The Palestinians have been discussing all the terrorist implications of UN membership in their Arab language media. Little has been said in English and other Western languages. There’s good reason for that. Many Western diplomats know exactly what the Palestinians are up to and have warned that UN membership, and all the lawfare games that would flow from it, will mean a sharp decline in Western aid. The UN bureaucrats have also warned the Palestinians that the UN will not go along with this interpretation of UN membership. But the Palestinians have long ignored reality, and UN warnings. Palestinian media continue to describe the ongoing war to exterminate Israel and kill or drive all Jews from the region. This doesn’t get much attention in Western media, but it’s all over Arab language media (and not just the Palestinian outlets).

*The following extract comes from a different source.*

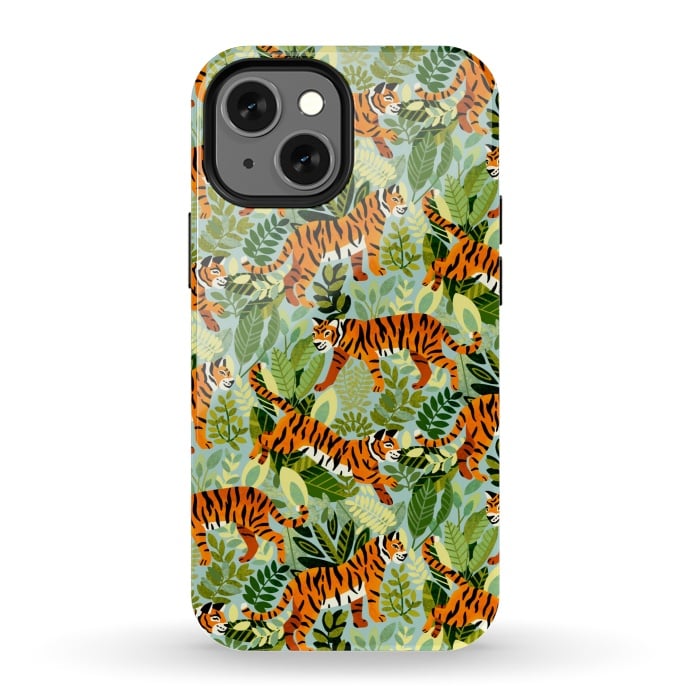 iPhone 13 mini StrongFit Bright Bangel Tiger Jungle  by Tigatiga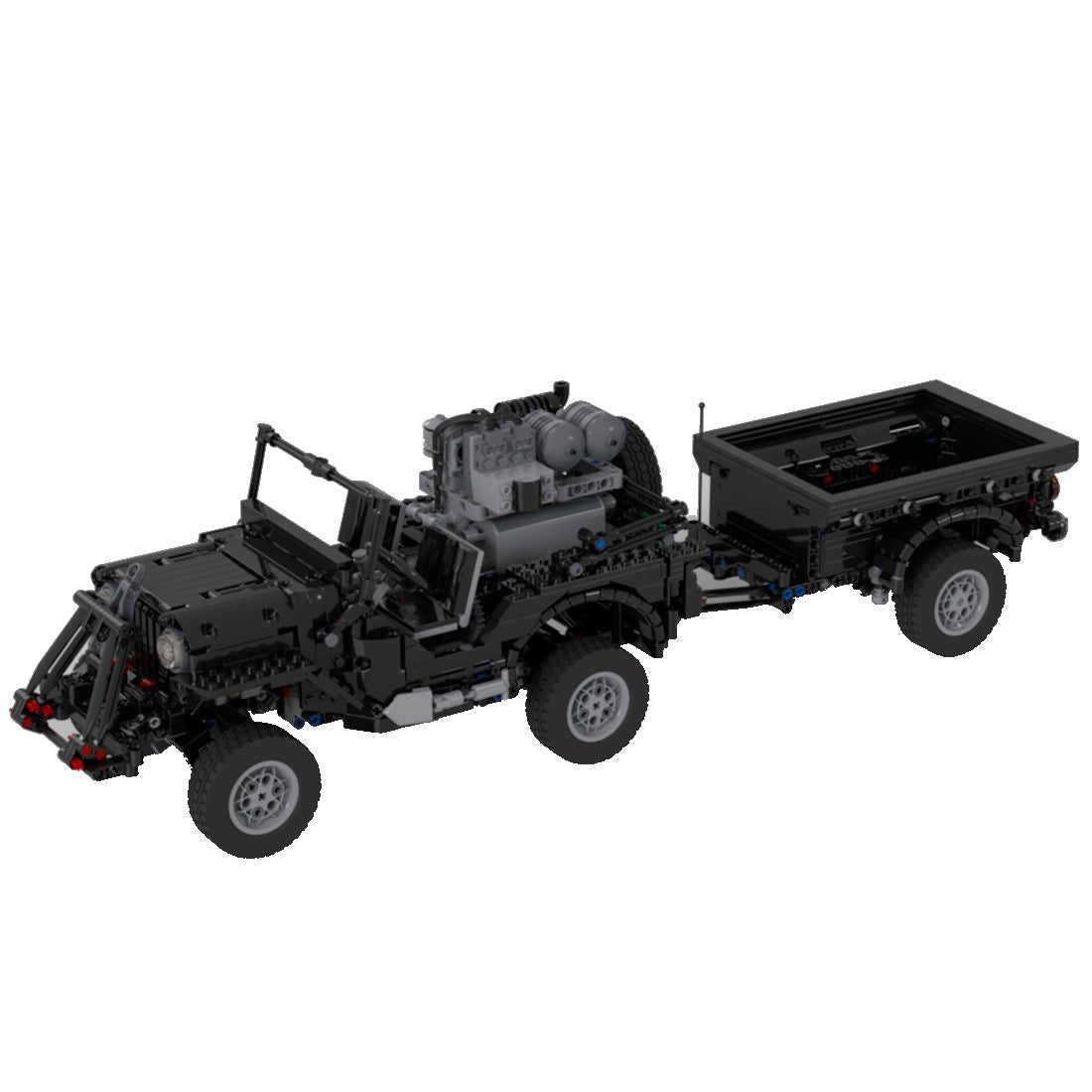 MOC - 44695 Militär - Geländewagen - Anhängermodell Militärversion - LesDiyLesDiy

These odd, to Westerners, pronouncements are not new, or uncommon. Last December, just in time for Christmas, Palestinian Authority TV came out with shows extolling the fact (at least as far as Palestinians were concerned) that Jesus was a Palestinian and the first Palestinian martyr. Christians believe that the Romans executed Jesus to placate a faction of the Jewish clergy who opposed the message Jesus was putting out. Jesus was known as a popular rabbi, and was accused by the Romans of claiming to be "king of the Jews." Some Jews (who later became Christians) accepted Jesus as the long awaited messiah. But most Jews, and all Moslems, do not. Moslems believe Jesus was a prophet sent by God to the Semitic Jewish tribes of what is now Palestine. This is an important point, as Palestinian propaganda considers Jews who don't look Semitic (Arab) to be polluted by alien blood and thus not welcome. The Semitic Jews of Israel (the descendants of those expelled from Arab countries in the late 1940s) are also considered unwelcome, largely because they consorted with the invading Western Jews. These Jews from Arab countries look just like Arabs, and often join the intelligence services, since they make excellent undercover agents.

Palestinian propaganda, meant mainly for internal consumption, depicts all of Israel as "occupied Palestine" and holds that Jews (who have lived in the area continuously for over 3,000 years) have no right to be there. Arab Christians in the neighborhood, some of them descendants of those who were followers of Jesus, keep their heads down amidst all this, as the recent Palestinian propaganda also declared that Jesus was preaching Islam, over five centuries before Mohammed arrived on the scene. Religion can get you killed in this part of the world, but that doesn't seem to discourage radical interpretations of historical events.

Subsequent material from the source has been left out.